Agile HR. A way forward?
The concept of 'Agile HR’ is gaining traction as a way for organisations to address this problem in a formal and explicit fashion. It argues that the most obvious and straightforward way to change organisations as a whole – to become more Agile – is by adopting Agile HR practices.
This puts the HR department at the heart of transformation. It must align the way that job titles, descriptions, reward strategies and talent acquisition work with the new way of working.
Among other things, Agile HR means:
- Encouraging generic job descriptions which aren't hierarchical
- Decoupling pay from hierarchical job structures and linking it to value
- Having more frequent performance reviews
- …And having those reviews done by peers instead of managers
Assurity is actively leading change in this area by developing specialised Agile courses for HR teams that recognise they have a critical role to play in transformation.

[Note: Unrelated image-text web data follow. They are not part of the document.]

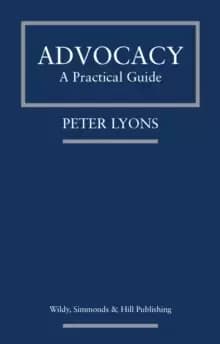 Advocacy: A Practical Guide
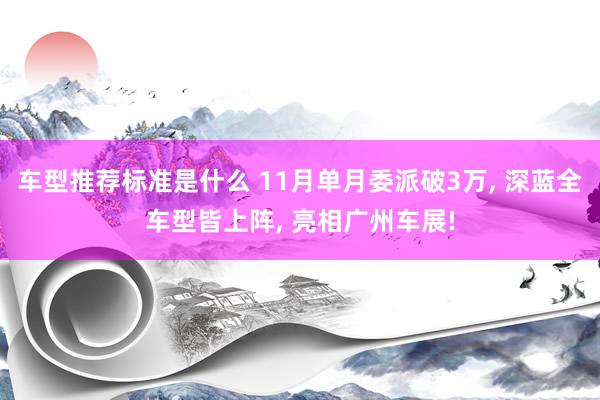 车型推荐标准是什么 11月单月委派破3万, 深蓝全车型皆上阵, 亮相广州车展!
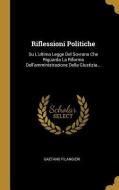 Riflessioni Politiche: Su L'ultima Legge Del Sovrano Che Riguarda La Riforma Dell'amministrazione Della Giustizia... di Gaetano Filangieri edito da WENTWORTH PR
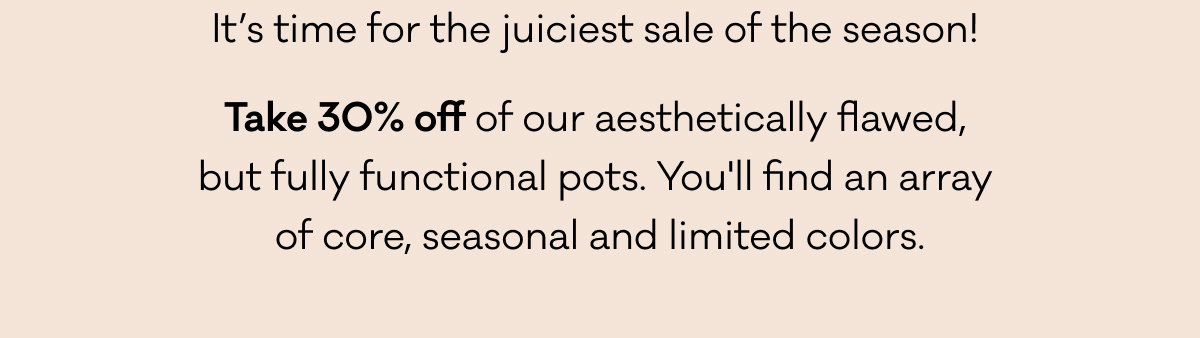 It’s time for the juiciest sale of the season!  Take 30% off of our aesthetically flawed,  but fully functional pots. You'll find an array  of core, seasonal, and limited colors.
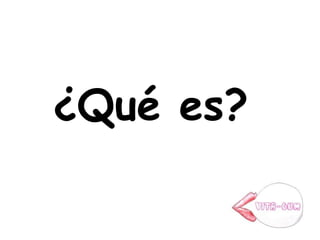 ¿Qué es?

Be optimistic! A tester’s future should be brighter…
…But you might need to be patient. It’s inevitable that organisations will move towards valuing what’s really worth valuing – different skills, domain knowledge, attitude and aptitude, as opposed to more and more experience in the same domain. The organisations that don’t move fast risk losing talent to those that do move fast. And it’s that which will inevitably drive change in HR ways of working.
Ultimately, of course, there’ll be more opportunity, recognition and reward for the individual who wants to work outside the boundaries of traditional testing and master the T-skill concept. Eventually, testers can have their PI and eat it too!